When one defendant recently fought back in court, the administration admitted in a little-noticed court filing that, indeed, it had not considered all the credit factors that went into the lender’s decisions to charge higher rates for loans to minorities whose credit history left them unqualified for prime loans.

GFI Mortgage Bankers Inc. last summer asked a federal judge to dismiss a lending discrimination complaint filed by Holder. The New York-based lender argued that the government failed to establish a link between its policies and lending disparities outlined in the suit.

When Justice opposed GFI’s motion, it revealed a serious flaw in its “statistical regression analyses” used in almost every race-bias case filed against lenders under this administration.

It acknowledged that its models do not account for all factors related to borrowers’ credit risk and loan characteristics — factors that could explain disparities in loan pricing by race.

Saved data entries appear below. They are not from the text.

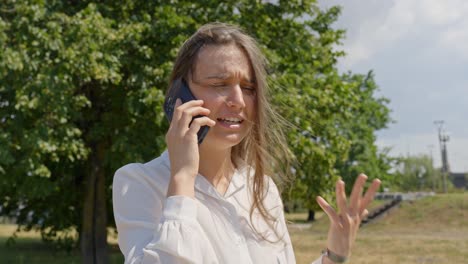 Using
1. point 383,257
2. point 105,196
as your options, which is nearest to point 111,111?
point 105,196

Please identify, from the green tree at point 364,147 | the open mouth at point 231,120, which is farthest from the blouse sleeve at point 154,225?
the green tree at point 364,147

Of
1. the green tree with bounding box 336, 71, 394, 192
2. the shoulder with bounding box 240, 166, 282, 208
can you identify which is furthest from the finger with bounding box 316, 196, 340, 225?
the green tree with bounding box 336, 71, 394, 192

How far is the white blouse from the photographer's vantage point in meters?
1.84

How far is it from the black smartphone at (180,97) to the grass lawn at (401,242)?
235 inches

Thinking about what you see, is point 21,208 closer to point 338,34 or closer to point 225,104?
point 338,34

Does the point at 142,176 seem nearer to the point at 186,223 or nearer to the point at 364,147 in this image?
the point at 186,223

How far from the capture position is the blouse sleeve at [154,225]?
1.82 meters

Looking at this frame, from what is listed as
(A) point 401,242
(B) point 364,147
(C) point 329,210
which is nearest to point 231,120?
(C) point 329,210

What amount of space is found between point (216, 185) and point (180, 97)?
0.37 meters

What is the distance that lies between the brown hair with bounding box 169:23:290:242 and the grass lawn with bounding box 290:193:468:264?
1848cm

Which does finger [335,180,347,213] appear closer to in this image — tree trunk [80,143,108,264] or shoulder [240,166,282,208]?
shoulder [240,166,282,208]

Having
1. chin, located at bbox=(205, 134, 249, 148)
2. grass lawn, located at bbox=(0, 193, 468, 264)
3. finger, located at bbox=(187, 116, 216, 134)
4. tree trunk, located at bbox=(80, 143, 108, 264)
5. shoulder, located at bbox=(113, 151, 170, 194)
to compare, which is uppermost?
finger, located at bbox=(187, 116, 216, 134)

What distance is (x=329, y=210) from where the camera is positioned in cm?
216

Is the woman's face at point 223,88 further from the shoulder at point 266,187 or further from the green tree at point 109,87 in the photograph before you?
the green tree at point 109,87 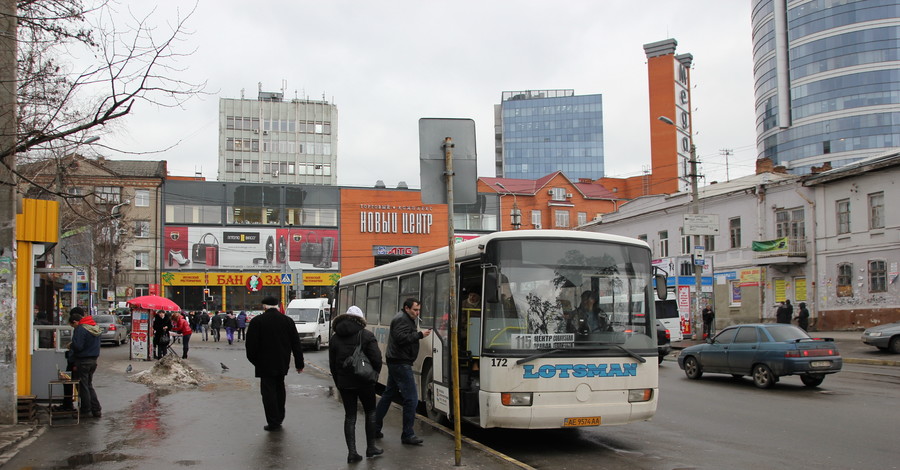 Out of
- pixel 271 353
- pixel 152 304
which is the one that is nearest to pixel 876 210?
pixel 152 304

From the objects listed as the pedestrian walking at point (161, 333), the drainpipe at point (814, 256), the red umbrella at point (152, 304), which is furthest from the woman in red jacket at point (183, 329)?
the drainpipe at point (814, 256)

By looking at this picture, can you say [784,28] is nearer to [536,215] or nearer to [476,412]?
[536,215]

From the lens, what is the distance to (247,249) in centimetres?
6738

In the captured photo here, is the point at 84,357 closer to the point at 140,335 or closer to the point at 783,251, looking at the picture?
the point at 140,335

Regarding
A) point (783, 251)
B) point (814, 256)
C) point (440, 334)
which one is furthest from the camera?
point (783, 251)

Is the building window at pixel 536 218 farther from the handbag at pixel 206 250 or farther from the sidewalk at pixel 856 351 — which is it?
the sidewalk at pixel 856 351

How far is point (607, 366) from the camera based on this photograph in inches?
349

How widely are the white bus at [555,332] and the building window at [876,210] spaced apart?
26.9 meters

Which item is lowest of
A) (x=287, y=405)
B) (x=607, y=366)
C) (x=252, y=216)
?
(x=287, y=405)

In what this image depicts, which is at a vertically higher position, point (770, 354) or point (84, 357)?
point (84, 357)

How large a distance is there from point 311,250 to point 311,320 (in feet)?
125

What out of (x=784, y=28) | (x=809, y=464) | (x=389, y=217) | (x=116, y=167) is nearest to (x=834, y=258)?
(x=809, y=464)

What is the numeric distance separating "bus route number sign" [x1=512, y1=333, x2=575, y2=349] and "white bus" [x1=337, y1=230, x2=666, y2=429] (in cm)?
1

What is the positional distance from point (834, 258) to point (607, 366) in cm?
2970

In the court filing, Justice Department official Thomas Perez, chief of the civil-rights division, said the sum total of the government’s proof was “statistical evidence” that did not include all elements of creditworthiness. But he argued that the government did not need to control “all measurable variables” to prove discrimination, that it “need not prove discrimination with scientific certainty.”

In other words, Holders’ diversity police relied on incomplete statistics as evidence to prove intentional discrimination. {snip}

GFI’s attorney Andrew Sandler complained that Justice has been using an overly broad and “now discredited interpretation” of civil-rights law known as “disparate impact.” But GFI happened to draw an Obama-appointed judge to hear its motion to dismiss what looked to be groundless charges against it.

With that judicial leaning in mind, GFI agreed to settle the case. It will fork over more than $3.5 million to as-yet unidentified black and Latino victims of alleged mortgage discrimination and also “qualified organization(s) that provide programs targeted at African-Americans and Hispanic potential and former homeowners.”

It also agrees to implement over the next 4-1/2 years a “fair lending monitoring program” to make management and its employees more sensitive to the “credit needs” of the minority community.